Diwali is here and our tables are set for the various card games that are synonymous with the festival! Yes, after all the effort of cleaning and decorating the house and the countless chores involved, everybody need some fun and what’s better than the popular Teen Patti.
But, should you be a bit rusty, or a complete novice, let us review the ground rules for you so that you have your fundamentals in place and end the night on a high.
Played with an international 52-card pack, the card rankings are in the usual order from Ace, which is the highest, down to 2 — the lowest. Any number of players can take part in one game, but it is probably best to have four to seven players and seal the deal.
The game begins with a dealer dealing out the cards one at a time until all participants have three cards each. The players then take turns to call out who has the best three-card set. Each person has the option to look at their own set hand (playing seen) or to leave the cards face down on the table (playing blind) before raising the stakes or folding, as they deem fit.
The Hand order – ranking of cards
The ranking of the possible hands (sets), from high to low:
* Trio or Trail: Three similar cards. (that is, three aces would mean highest and three 2s would be lowest.)
* Straight run or Pure Sequence: Three consecutive cards for the same suit (diamonds, hearts, clubs or spades). The ranking order is similar. (that is, A-2-3, which is the highest straight run. Next is A-K-Q, K-Q-J and so on down to 4-3-2, which is the lowest.)
* Normal run or Sequence: Any three consecutive cards not belonging to same suit. (The highest and the lowest is in same order as in straight run.)
* Colour: Any three cards of the same suit. When comparing two colours, compare the highest card; if these are equal compare the second; if these are also equal then compare the lowest. (The highest in colour is A-K-J and the lowest is 5-3-2.)
* Pair: When you have two cards of the same rank in hand. Between two players having a Pair, compare the similar cards first and the one with higher value wins the bet, if both players have similar common card then the third one in the set decides their fortune. (The highest pair hand is A-A-K and the lowest is 2-2-3.)
* High card: This does not belong to any of the above category. If two players share a common high card in rank, the next highest card is used to determine the winner. (The best hand of this type is A-K-J of mixed suits, and the worst is 5-3-2.)
How the game is played:
The players start off with the dealer and continues in a clockwise manner. Each player can either put further choose to stay in, or fold. Folding means you are dropping out of the game and forfeit your chance to win. So think before you fold!
Please note that those playing ‘seen’ have much more at stake than those playing blind, it’s to balance off the fact that they at least know what cards they’ve been dealt.
This goes on till there are only two players left. At the end, the two have a card face-off, and the one with the higher value of cards, wins!
If you have got a hang of all these basic tricks then get on to the next level and be a pro with other variations of the game. Among the wide array you can opt for – Odd Sequence for beginners that is quite similar to sequence with just odd number to filmy version of Maatha (sticking the cards on your forehead).

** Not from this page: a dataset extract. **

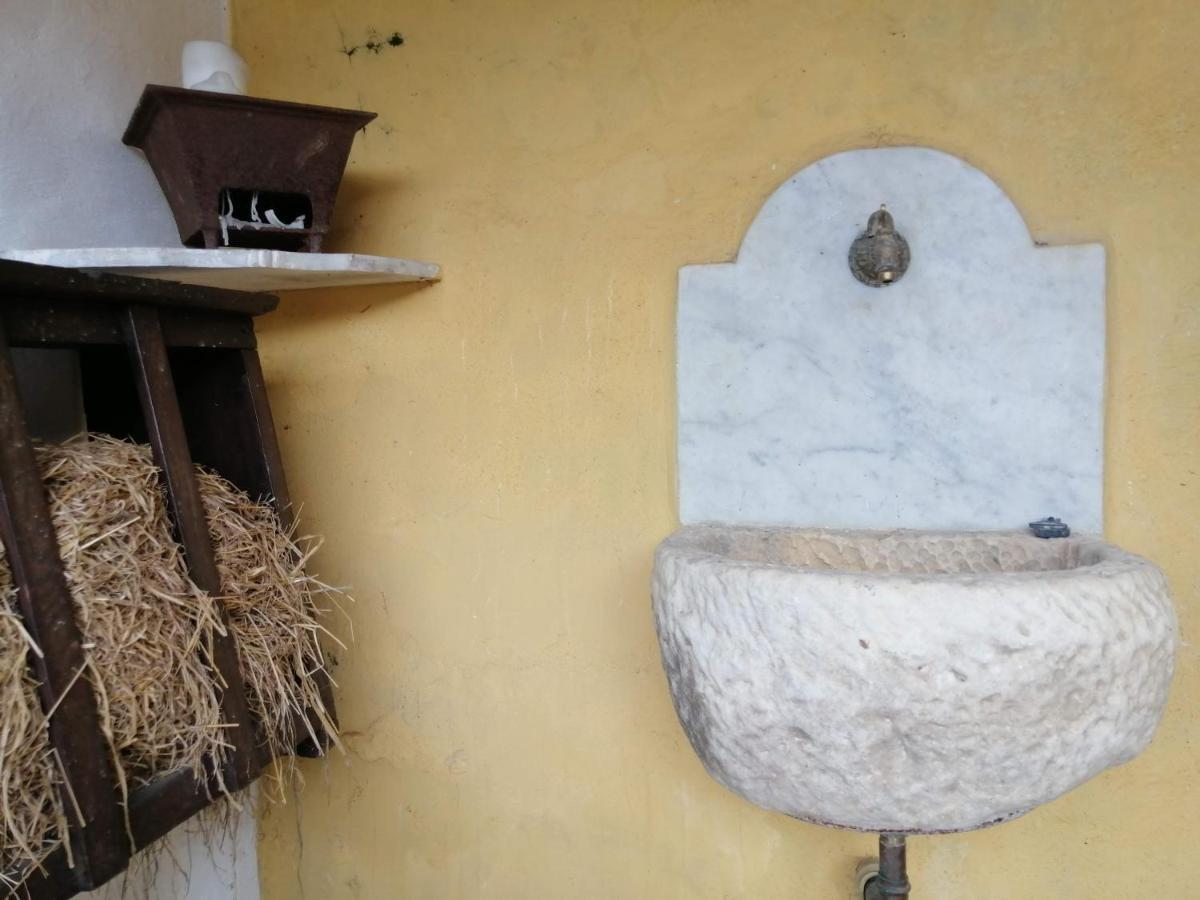 Bed and Breakfast Il Metato Di Gallena Stazzema Exterior foto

Odd sequence: This when you want to add a twist to the usual sequences of Ace-2-3 or Jack-Queen-King. In this, a sequence is declared with alternate cards, such as Ace, 3, 5 or 9, Jack, King.
Maatha: In this, each player is dealt a card, which s/he sticks to their forehead or simply places it there. So, everyone can see the others’ cards, and not their own. You take a calculated guess at what your card can be and play accordingly. This variation is extremely popular among the younger crowd.

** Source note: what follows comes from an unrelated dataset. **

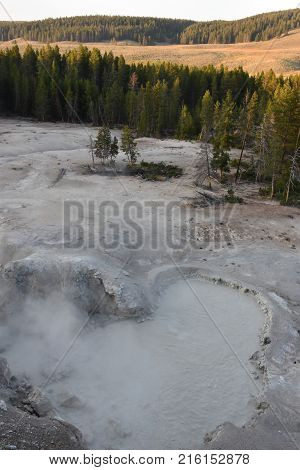 Sulphur Caldron at Yellowstone National Park in Wyoming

And for the experts there is Folding Joker, 369 and a one-eyed Jack or the fatal Sudden death, choose your pick this Diwali and have fun!

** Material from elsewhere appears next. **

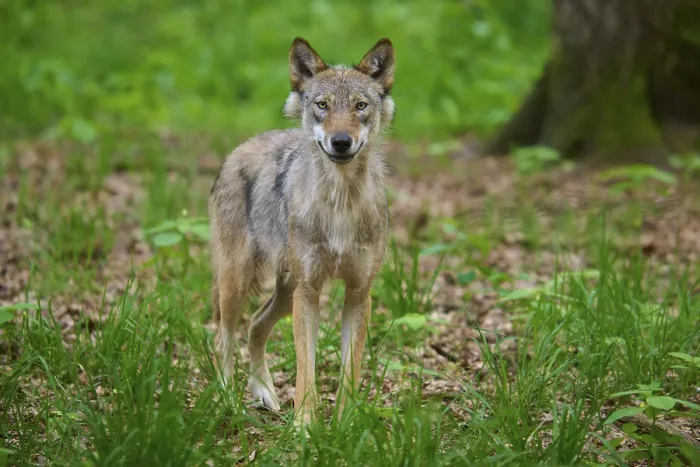 Framed Print : A wolf stands in the forest, looks directly and acts attentively Framed Print : A wolf stands in the forest, looks directly and acts attentively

But have you ever wondered, why we play cards on Diwali in the first place?
It is believed that playing a dice game is auspicious during the Deepavali. According to Hindu mythology, it is said that goddess Parvati played dice with her husband Shiva and loved the game. She was extremely pleased and affirmed that whoever played dice on the festive day shall remain prosperous throughout the year. However, over time, dices were replaced with card games to keep the tradition alive. And given the mystery involved in such games, prosperity or not there is much fun to be had amid friends and family for sure.
Though there are several card games that are played on Diwali night – Rummy, Poker, or even 3-2-1 – in India, it is Teen Patti that rules the roost. The Indian card game is very similar to poker that is even played online at times, and is a desi version of the British card game ‘3 Card Brag’. The name comes from the human propensity to brag when we have the best set in our hands and win the loot at the end.